---------- Task input
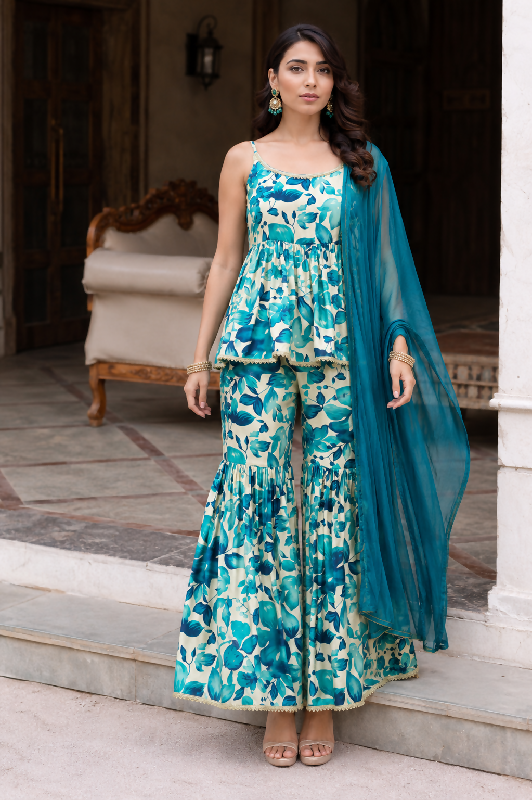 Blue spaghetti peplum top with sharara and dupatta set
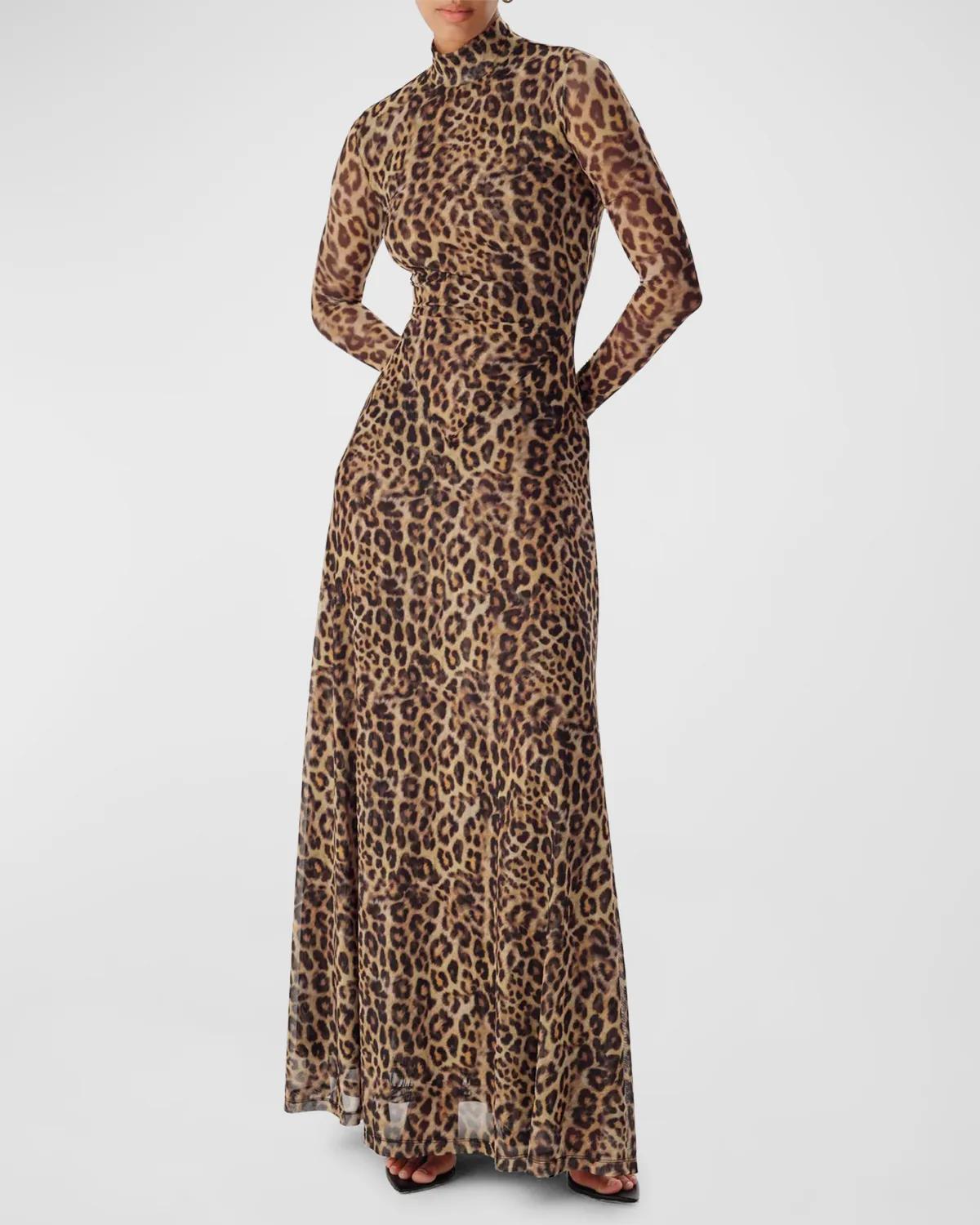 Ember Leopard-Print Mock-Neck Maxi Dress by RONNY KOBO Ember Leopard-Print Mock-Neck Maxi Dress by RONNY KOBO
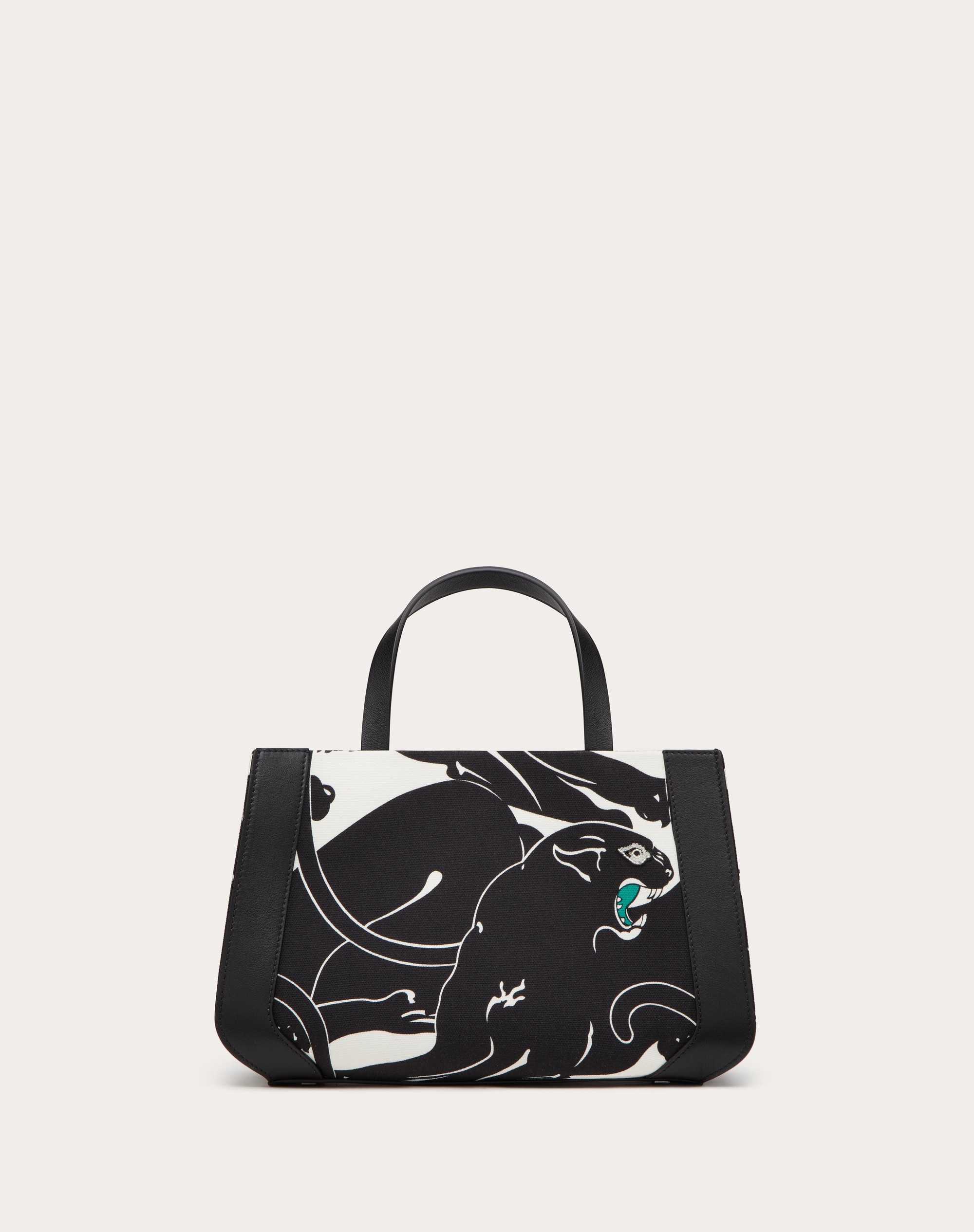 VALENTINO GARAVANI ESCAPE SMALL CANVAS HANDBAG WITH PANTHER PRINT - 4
--------------------
---------- Task input
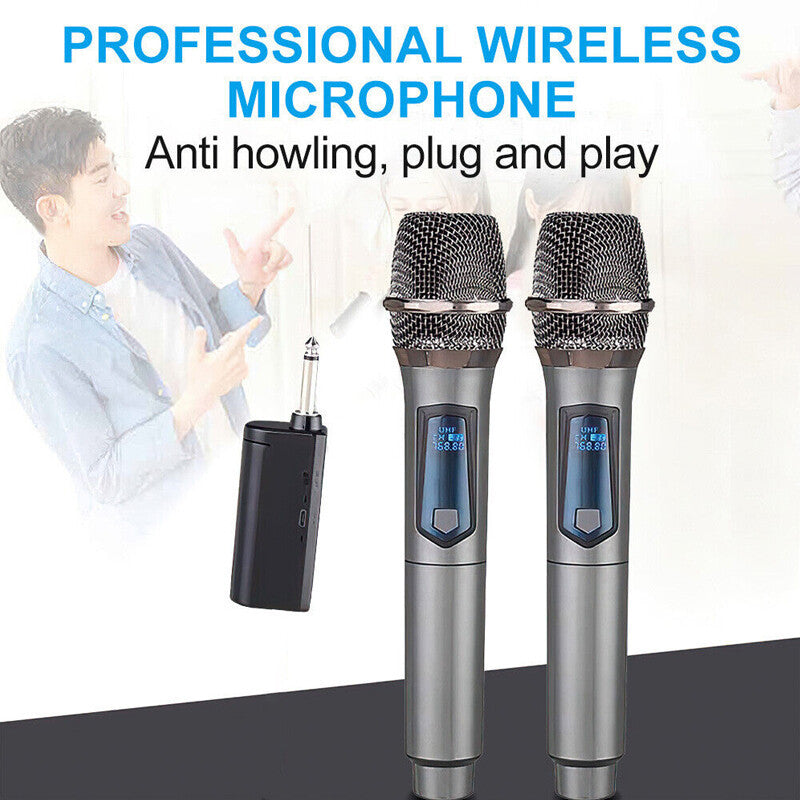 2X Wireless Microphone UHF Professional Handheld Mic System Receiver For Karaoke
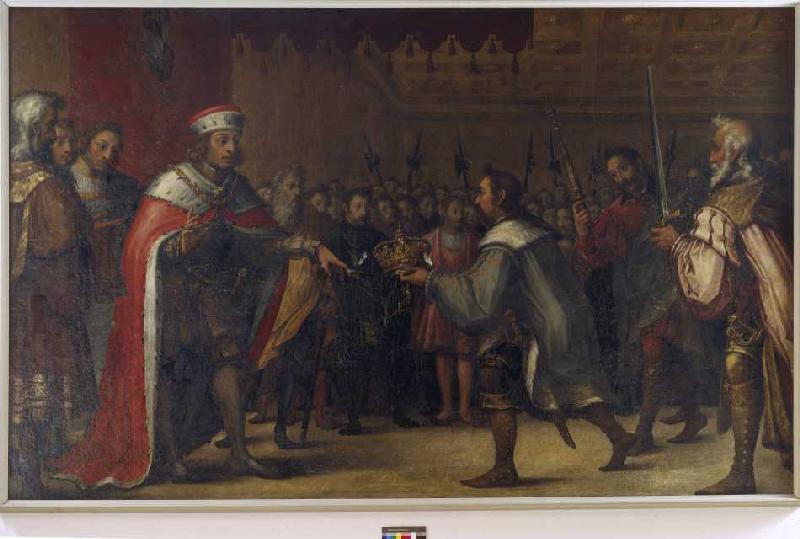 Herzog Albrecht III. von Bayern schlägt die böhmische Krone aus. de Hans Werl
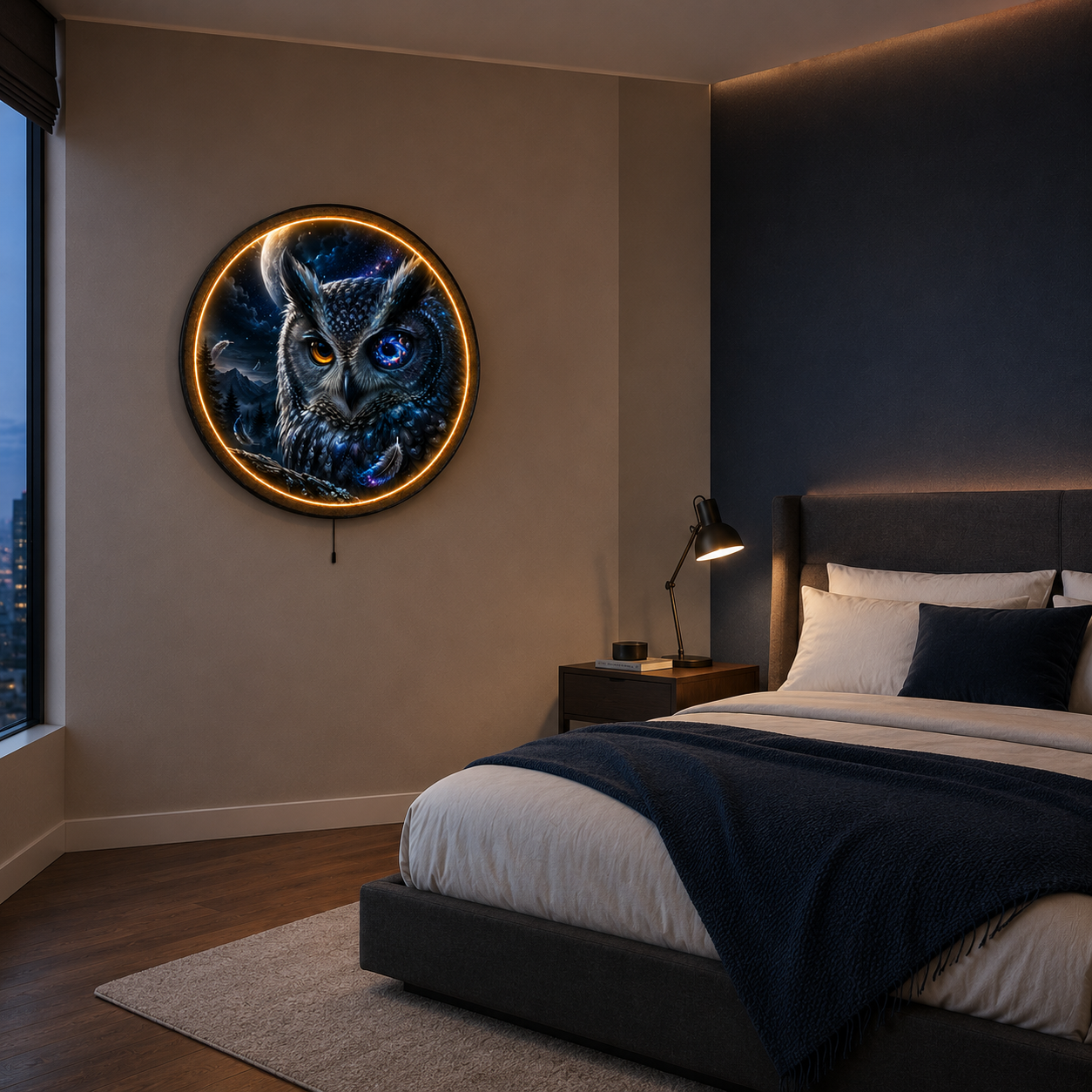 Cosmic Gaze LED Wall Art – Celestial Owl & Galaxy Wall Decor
--------------------
Exercise description -> What you return must match the lines above from the one with "Blue spaghetti peplum" through the one with "VALENTINO GARAVANI ESCAPE" exactly, with both ends included and the pictures excluded.

Solution to the exercise ->
 Blue spaghetti peplum top with sharara and dupatta set
 Ember Leopard-Print Mock-Neck Maxi Dress by RONNY KOBO Ember Leopard-Print Mock-Neck Maxi Dress by RONNY KOBO
 VALENTINO GARAVANI ESCAPE SMALL CANVAS HANDBAG WITH PANTHER PRINT - 4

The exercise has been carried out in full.